To further confirm this notion, we conducted a second experiment in which we introduced a different secondary task that varied the amount of working memory load during movement preparation and execution. In line with our hypothesis that RT costs for asymmetric movements vary with the cognitive task demands, we found longer RTs for incongruent movements when the working memory load was high. However, even though the RT costs occurred reliably, they were overall smaller for the working memory task than for the dual-task condition in Experiment 1 (about 40 ms in Experiment 1 vs. 20 ms in Experiment 2). There are a couple of possible reasons for this discrepancy. On the one hand, the reduced RT costs in Experiment 2 may reflect that a mere working memory task requires less resources than a task comprising a combination of visual attention and working memory components as used in Experiment 1 (note that participants had to keep the identified number in working memory until the end of the trial). On the other hand, the secondary task in Experiment 2 may just have been simpler than the task used in Experiment 1. Tentative support for this suggestion comes from the finding that the amount of correctly reported target numbers was much higher in Experiment 2 (Exp. 2: 93.5 % vs. Exp.1: 69.8 %).
Before discussing the implications of our study we need to address one important methodological difference to many previous studies employing a direct cueing paradigm (e.g., Albert et al.,
2007; Diedrichsen et al.,
2001; Hazeltine et al.,
2003). In these studies, direct cues were presented as a sudden onset within the visual field (i.e., the two targets to which participants have to move their hands appeared). In contrast, in our study, we presented all four possible target locations during the preview period (similar to the symbolic cueing conditions) and defined the targets by a visual offset of the non-target locations (for a similar procedure see also, Blinch et al.,
2014). We chose this procedure as it was pointed out by Hazeltine and colleagues (
2003) that many studies investigating differences between symbolic and direct cueing conditions (e.g., Diedrichsen et al.,
2001; Hazeltine et al.,
2003) displayed all relevant movement targets before the movement was required in the symbolic cueing conditions but not in the direct cueing conditions. Hence, partial movement pre-programming may have taken place in the symbolic cueing conditions before cue presentation. Adjusting these pre-planned movement programs after cue presentation may in turn have induced the observed cross-talk in these conditions. By always displaying all possible movement targets in both the direct and the symbolic cueing conditions during the preview period, this potential confound is avoided. Finally, we think that it is unlikely that this procedure substantially changes our findings, compared to studies using target onsets, as it has been shown that (when attention is unfocused as in the current study) visual onsets and offsets are equally effective in attracting attention to different locations in space (Theeuwes,
1991).
Overall, this is the first study that indicates that the occurrence of the bimanual interference effect does not merely depend on the type of cues used (symbolic vs. direct) but rather seems to be related to the general cognitive demands the task poses. In other words, even when a secondary task that is completely unrelated to the movement task is performed, interference effects can be observed. Notably, these findings may partly resolve the debate of why interference effects have consistently been found in symbolic cueing conditions but rarely (and to a much smaller extent) in spatial cueing conditions. It is important to point out that the link between bimanual movement studies and dual-task performance was originally suggested by Hazeltine and colleagues (
2003). However, our findings that bimanual interference can (1) be abolished in symbolic cueing tasks by minimising the response requirements and (2) be created in direct cueing conditions by maximising processing demands provides the first convincing empirical evidence for the notion that bimanual interference effects are primarily related to dual-task demands and overall task difficulty.

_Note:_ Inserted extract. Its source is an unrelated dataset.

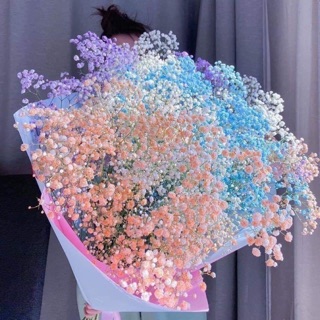 phung_nguyen_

Regarding the question of how our account relates to the previous notion that interference occurs at two stages, i.e., during motor programming and cue translation, we think that it has the advantage that it can explain previously observed effects without assuming two different and independent underlying processes. Specifically, our results may help to understand why some, but not all, studies found bimanual interference effects in direct cueing tasks. For instance, Blinch et al. (
2014) found RT costs when participants performed directly cued asymmetric movements without visibility of their hands using a handheld stylus. It stands to reason that it is a much more demanding task to perform movements with a tool and without visual feedback than it is to point directly with both fingers while having both hands fully visible. Consequently, the task is likely to require more attentional resources yielding the observed congruency effect. Similarly, movement congruency effects were found to be larger in direct cueing conditions when reversal movements rather than discrete pointing movements were investigated (e.g., Heuer & Klein,
2006) suggesting again that movement complexity may affect the size of the observed interference effect. However, even though our suggestions seem to fit nicely with some of the findings from previous studies there are also instances in which a simple explanation in terms of task demands is not instantly obvious. For example, in a recent paper, Blinch et al. (
2015) reported small but significant interference effects (12 ms) in a relatively simple direct cueing task employing discrete pointing movements. One methodological difference to previous studies was, however, that target buttons were used as movement goals requiring participants to perform relatively accurate movements which are potentially more resource demanding (Hesse & Deubel,
2010). In other words, we suggest that factors that relate to movement difficulty (such as endpoint accuracy, target visibility and movement speed) may determine the amount of bimanual interference measured in different paradigms.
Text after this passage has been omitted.